TASK REQUIREMENTS. Leaving out every picture, quote the data below exactly as it appears.
═════ RECORDED INFORMATION
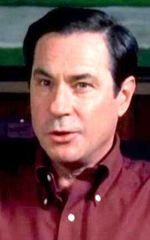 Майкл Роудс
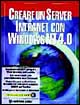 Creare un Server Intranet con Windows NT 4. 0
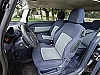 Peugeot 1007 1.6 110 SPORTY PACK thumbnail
══════════
ANSWER FOR THE TASK.
 Майкл Роудс
 Creare un Server Intranet con Windows NT 4. 0
 Peugeot 1007 1.6 110 SPORTY PACK thumbnail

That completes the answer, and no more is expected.